PID   State     Port  nRq    nRcvd  nSent  Started          Last Change
25520 AVAILABLE 37101 000019 000019 000019 12 Mar 2019 05:00 12 Mar 2019 09:42
25525 AVAILABLE 37100 000018 000018 000018 12 Mar 2019 05:00 12 Mar 2019 09:41
25527 AVAILABLE 37102 000018 000018 000018 12 Mar 2019 05:00 12 Mar 2019 09:41
25530 AVAILABLE 37103 000017 000017 000017 12 Mar 2019 05:00 12 Mar 2019 09:41
25532 AVAILABLE 37106 000018 000018 000018 12 Mar 2019 05:00 12 Mar 2019 09:41

 

Posted by James Palmer on 12-Mar-2019 10:40

Rather than screen scraping this yourself, ProTop can be configured to do all the hard work for you.

Posted by Adrian.wright on 13-Mar-2019 10:10

Cheers for the Response,  I'm familiar with Protop, but can Protop be able to send alerts based on a criteria ?

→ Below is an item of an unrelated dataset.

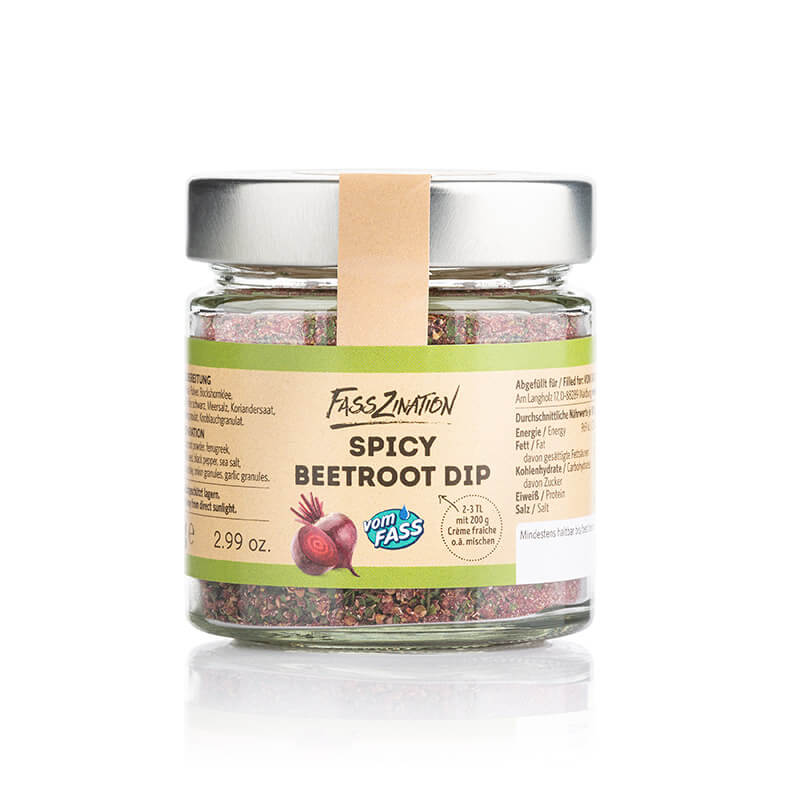 Spicy Beetroot Dip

so Like I have, with all our database sets, i query the C holder status every 5 minutes and if anything is returned other than "online", it fires out an email alert and just wondered if something similar could be set on webpseed,  I have searched the forums and OE KB but not found anything

Obviously I know the issue is the application, but were just looking to manage the situation

Posted by Paul Koufalis on 13-Mar-2019 12:12

Hi Adrian,

ProTop can generate alerts on a few hundred different metrics on pretty much everything in and around your OE environment, and we're constantly adding more.

The other cool thing about ProTop is that you can set sensitivities and nag levels, so you can configure things like "only alert me if such-and-such happens 3-out-of-5 samples, and only bug me about it once an hour". You can also tweak severity levels, for example a yellow alert if a threshold is breached once, an orange alert if it's breached 2:3 and a red alert if a metric state persists for say 3:3 samples.

For AppServer and Webspeed alerts based on a number of criteria:

1. Agent status: Available, busy, locked, sending, etc...

2. Agent "stuck": defined as an agent whose "last change" has not changed in x minutes

3. Number of agents in Use and agents in use as a percentage of maxAgent

4. Number of connected clients and percentage of maxClient

5. Max and Current Queue length

6. Max and average request wait

7. Max and average request duration

Ping me offline if you want to know more.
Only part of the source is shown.